The main driver of this transformation is the need for mobile operators to provide scalable, high-bandwidth, web 2.0 video and audio content, and internet access services for both mobile and fixed users in incremental CAPEX outlays.
Mobile operators in the region are faced with five key challenges that are driving the need for more bandwidth to the end-user devices (downlink and uplink):
- Enhancing coverage spanning dense urban, suburban, and rural areas.
- In markets where pre-paid services is dominant, value added data services need to be geared to lower-speed bandwidth while post-paid centric markets must typically target premium value added services.
- Potentially exponential increases in data traffic once higher speeds are enabled will not necessarily translate into higher data average revenue per user (ARPU).
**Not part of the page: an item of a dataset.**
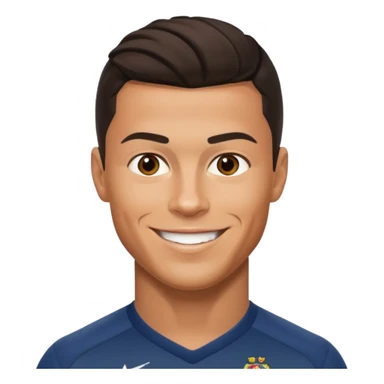 christiano ronaldo emoji sticker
- Declining voice ARPU means that data ARPU must be increased in the long-term.
- Network OPEX will need to be carefully contained so that it does not grow disproportionately with traffic demand growth.
Without such a transformation of the wireless backhaul, the promise of 3.5G and 4G systems such as LTE will not be feasible. The emergence of bandwidth hungry devices such as Apple's 3G iPhone and Google's Android-operating system based devices means that mobile operators need to begin the transformation to NGN in the backhaul urgently in order to avoid being branded as obsolete.
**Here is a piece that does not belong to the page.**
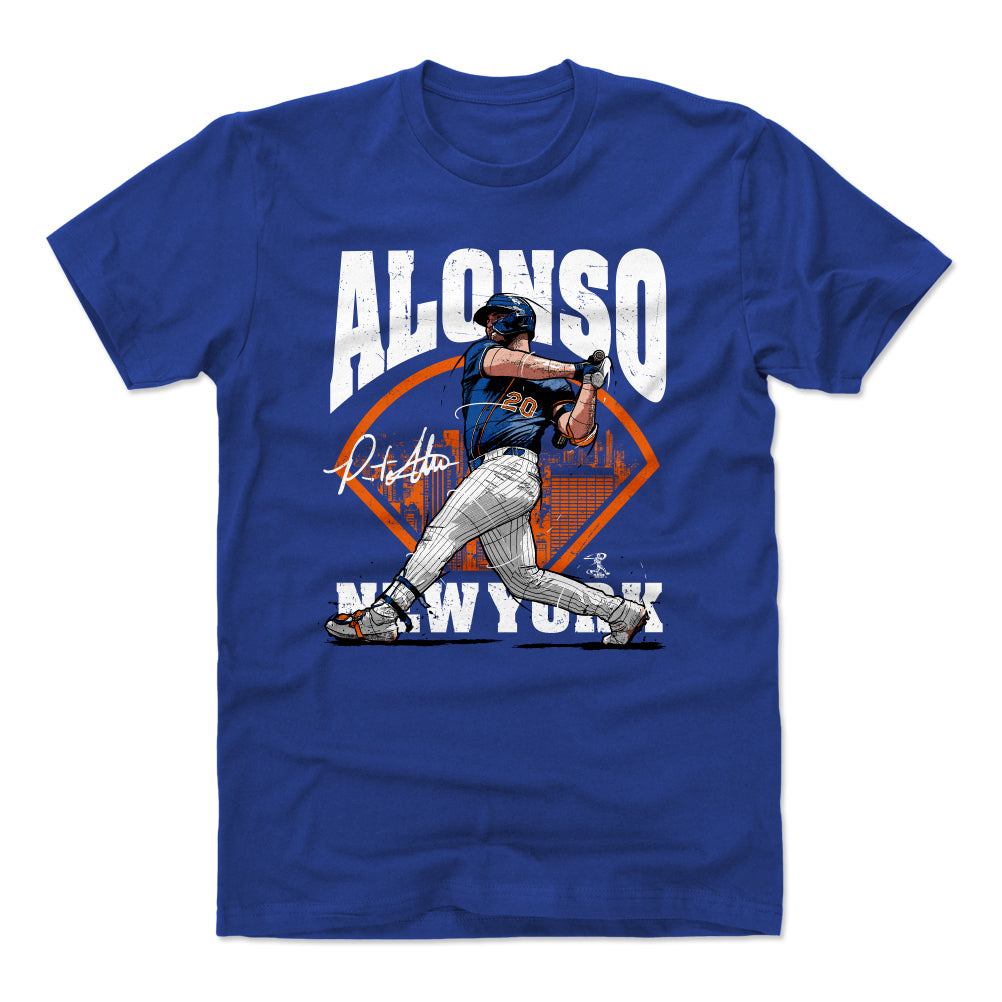 Pete Alonso Men's Cotton T-Shirt | 500 LEVEL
Green IT will put additional pressure on radio access network (RAN) and backhaul designs to become more energy efficient which means that equipment vendors will need to balance computational power at the basestation versus that in the local exchanges and mobile switching centers. Basestations that have router functionality will be able to provide peer-to-peer communications within the network. The multitude of radio standards is also putting pressure on vendors to implement re-configurable software solutions in the basestation. If operators delay the revamp of their mobile core networks to an all-IP platform, they will be left behind. The reductions in OPEX will justify the effort during the current economic downturn.
The rapid emergence of converged mobile devices with 3.5G HSDPA and WiFi, dual-mode support and the imminent entry of 802.16e Mobile WiMAX devices mean that operators are facing a situation where users will expect 1Mbps speed all the time, anywhere and everywhere. This is in stark contrast to the existing 2G/2.5G/3G networks of today, which have hotspot like coverage for high-speed wireless data services. An all-IP infrastructure only exists in some of the next-generation fixed-line networks in Asia/Pacific, some of the early mobile WiMAX networks, and in recently constructed greenfield 3G networks. In most cases in the Asia/Pacific region, the 3G UMTS (WCDMA) radio basestations are connected via E1/T1 leased lines aggregated in groups of 1-8, in an effort to provide up to 15Mbps per cell site. HSPA or 3.5G, CDMA2000 EV-DO, and mobile WiMAX operate with a theoretical maximum of 10-30Mbps per sector depending on the amount of frequency allocated to the operator.
With LTE just around the corner, which could see peak capacity of over 100-150 Mbps per cell site, operators who choose to deploy LTE in dense urban areas could be facing huge bandwidth requirements that will invariably put enormous stress on the existing backhaul and transport infrastructure. Femto LTE and HSPA access points can help alleviate backhaul congestion in markets where FTTX or xDSL is widely deployed but in the rest of the markets, the backhaul will need to be a combination of fiber and NGN microwave/Fixed WiMAX.